To claim a duchy from somebody else through war (when you don't have a casus belli that lets you claim it directly):
- Find out who* has a claim on it by opening the duchy information screen and clicking on "Claimants" to see who has a claim on that kingdom.
- Invite one of the male claimants over to your court. (If nobody will come over, or there are no male heirs, you'll have to find another way to get that duchy. Note that if one of your courtiers marries a female claimant that you can't legally give a title to, that female claimant is not your vassal and the newly-conquered duchy will not become part of your kingdom, even if you give your male courtier a title.)

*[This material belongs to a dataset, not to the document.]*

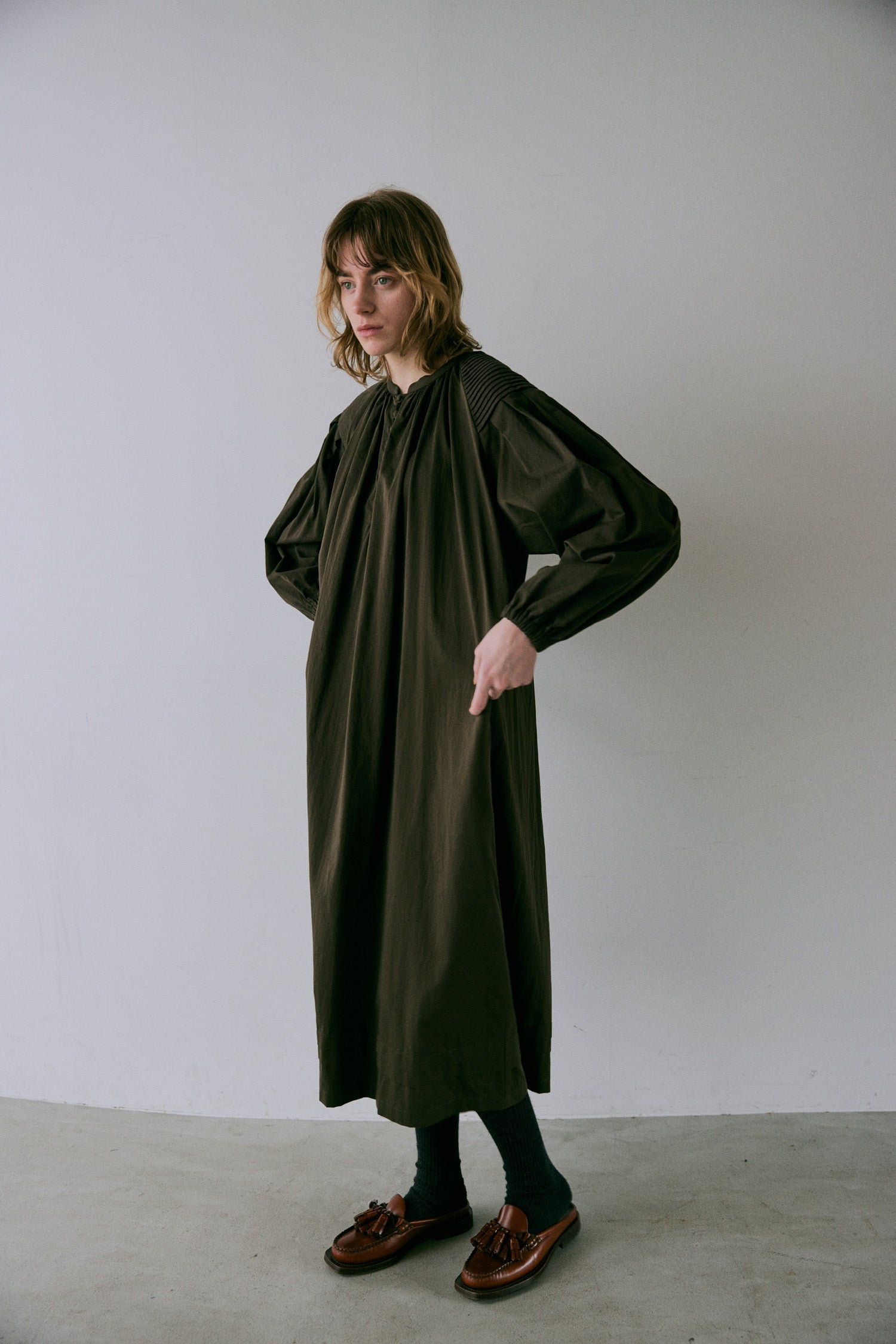 doux bleu　ショルダーピンタック ワンピース　DB-2544-030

Give that claimant a landed title. Any landed title will do, even a city, church, or castle.
Note that if you land the claimant a city, gaining him a Duchy will found a vassal merchant republic instead of gaining you a new feudal vassal if you are playing version 1.9 of the game or later. Merchant republics are generally considered awesome to have as vassals due to their revenue and tax bonuses, but this might disrupt an existing merchant republic that is already earning you revenue.

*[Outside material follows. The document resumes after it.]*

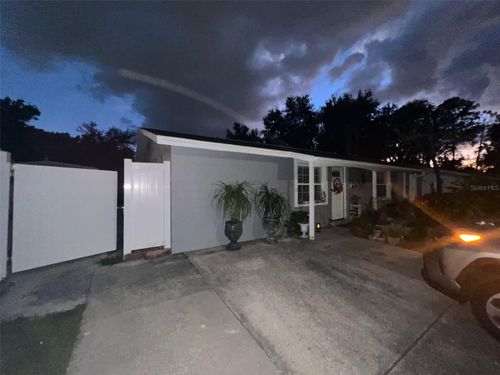 6439 Willow Wood Ln, Tampa, FL, 33634-4751 | Card Image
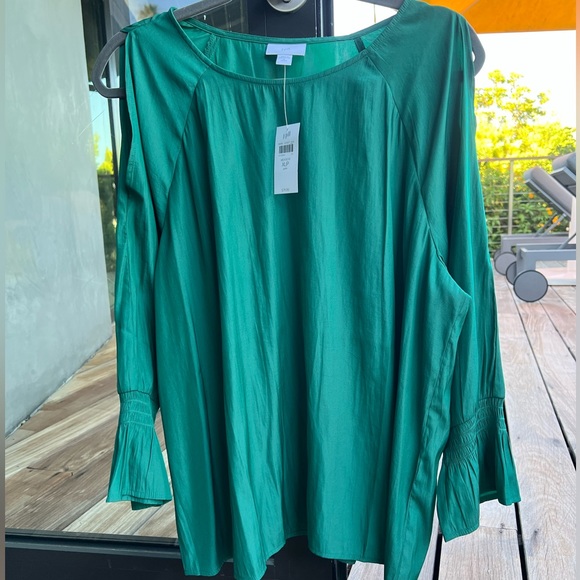 NWT J.Jill Silky Open-Shoulder Meadow Green Smocked Sleeve Blouse XLP - Picture 3 of 12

Go to war with the ruler of your choice, using the "Claim on duchy X" as your casus belli.
- Once you win the war, that claimant will be your duke.
I'm guessing that this will also work with kingdoms if you're an emperor. So far, I've claimed two duchies this way: once by giving away a county to the claimant, and once by giving away a bishopric.
*As revealed in this other answer, you can't actually press the claim in war unless the claim is strong, or the claimant is a pretender (2nd or 3rd in line), or there's already another war going on over the title, or the current holder of the title is a woman (and you have a male claimant) or a child (so there's a regency). You can only use "any claimant with a pulse" if the title is disputed or the ruler is a child; you can only use "any male claimant with a pulse" if the ruler is female; otherwise, you'll need to pick up one of the pretenders or someone with a strong claim: you'll need to do slightly more research to find who they are, and they're often harder to invite to your court.
(Note: if there are three or fewer male claimants, then it's almost certain that they're the heir and pretenders. Just grab one and go on your way. Figuring out the exact claims is more important when there are four or more male claimants.)